## Available data

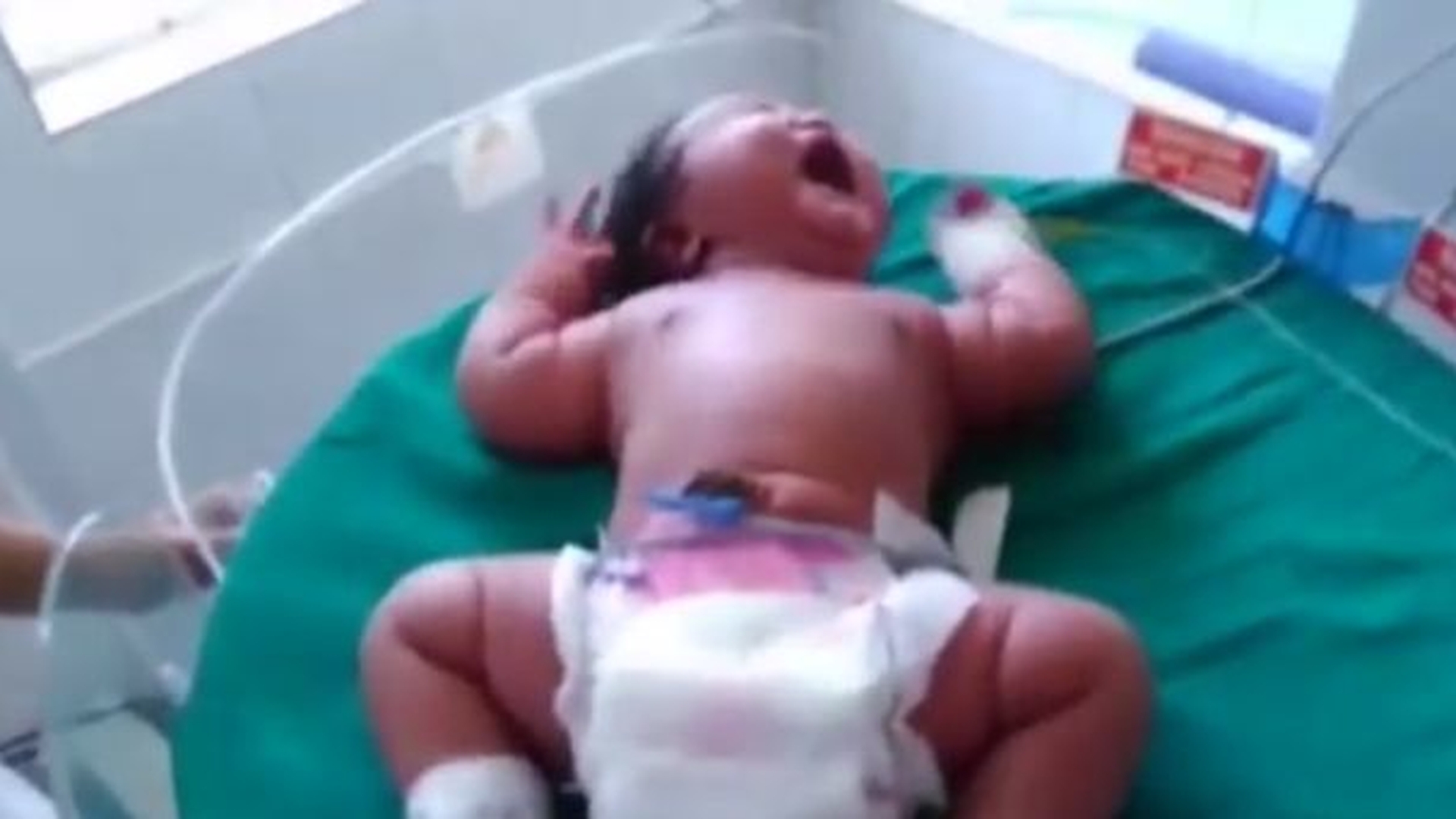 VIDEO - Cel mai MARE BEBELUŞ din lume a venit pe lume în India. Cum arată şi câte kilograme a avut la naştere 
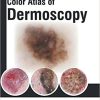 Colour Atlas of Dermoscopy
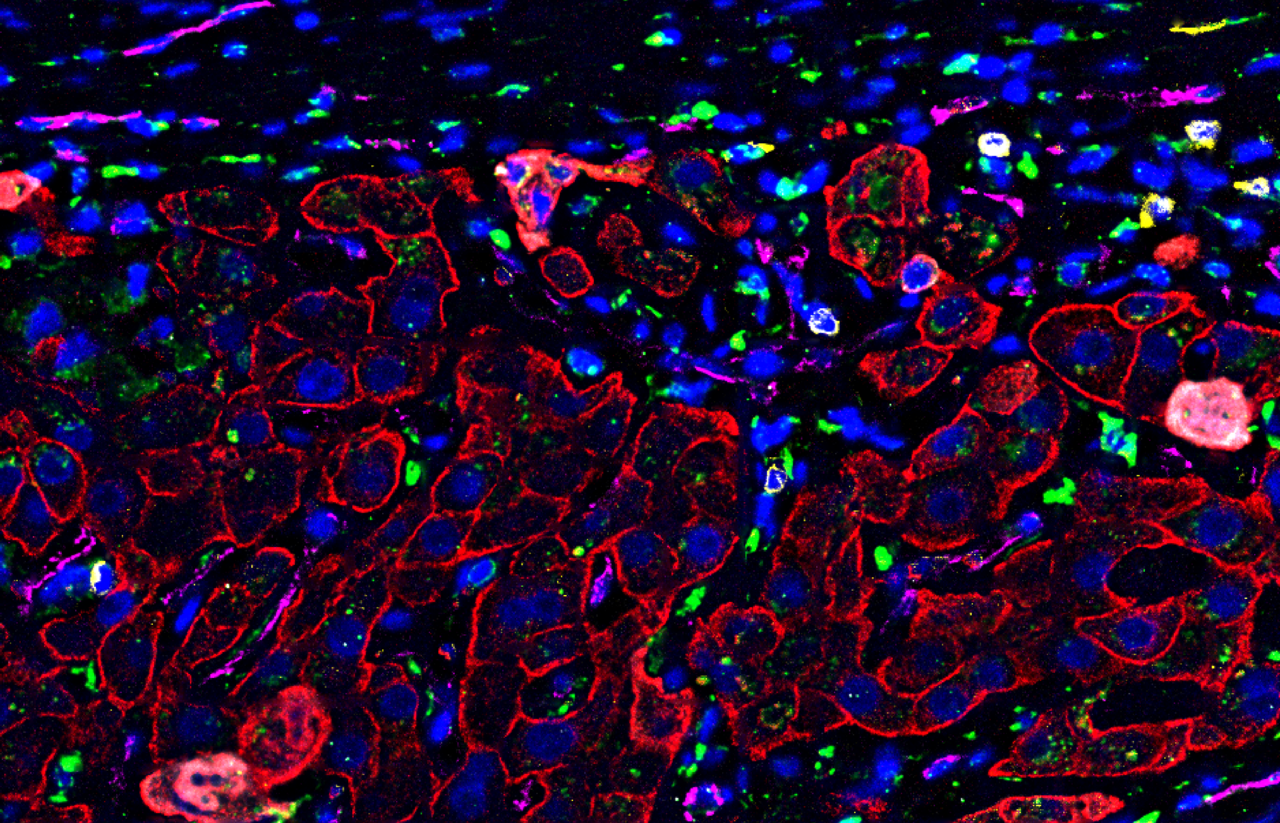 Behind Enemy Lines: How Cancer Persists by Hiding from our Immune System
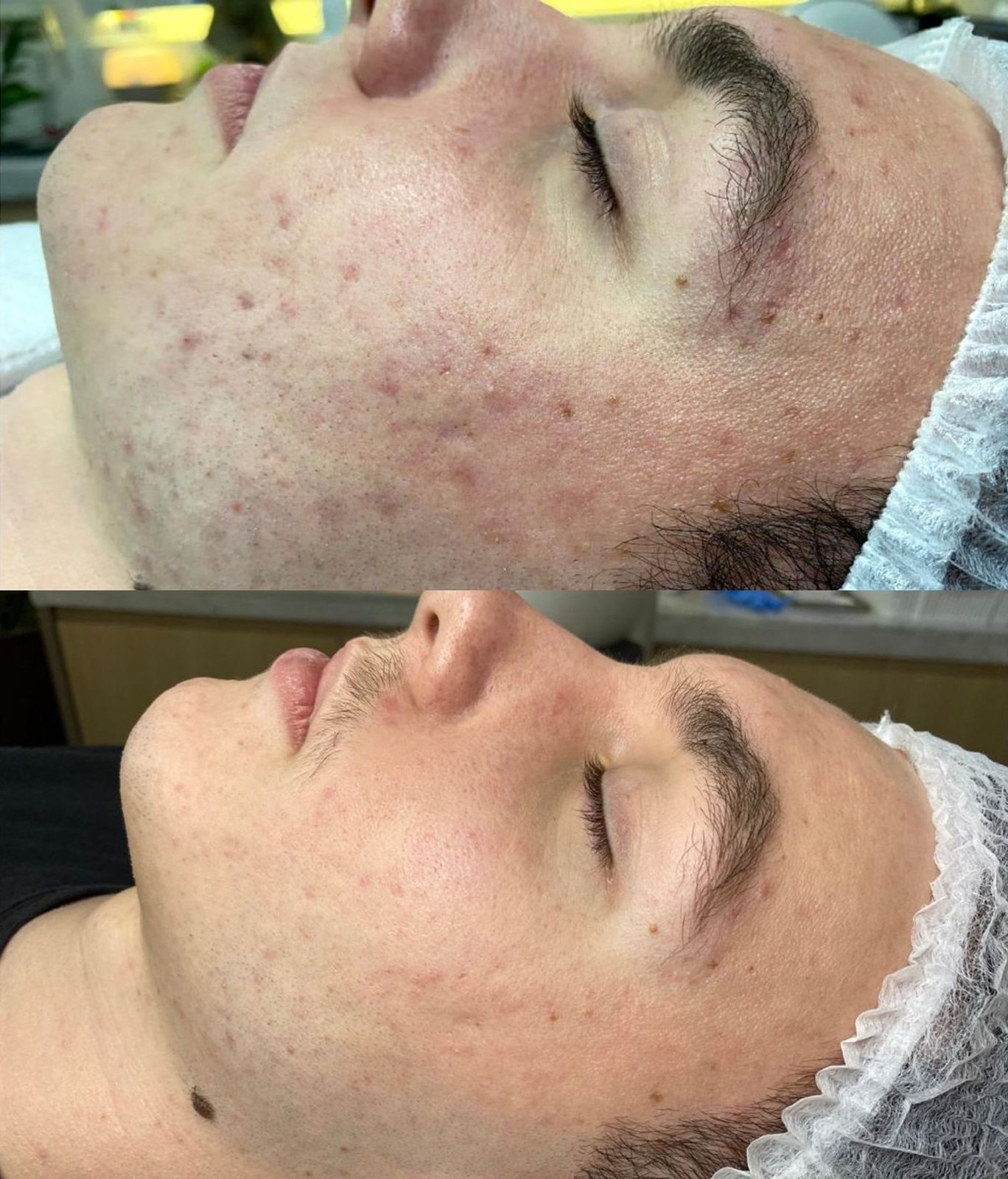Tratamento facial personalizado em Piracicaba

## Task to complete
Take the whole listing above and copy it exactly. Pictures do not go into the copy.

## Task solution
 VIDEO - Cel mai MARE BEBELUŞ din lume a venit pe lume în India. Cum arată şi câte kilograme a avut la naştere 
 Colour Atlas of Dermoscopy
 Behind Enemy Lines: How Cancer Persists by Hiding from our Immune System
Tratamento facial personalizado em Piracicaba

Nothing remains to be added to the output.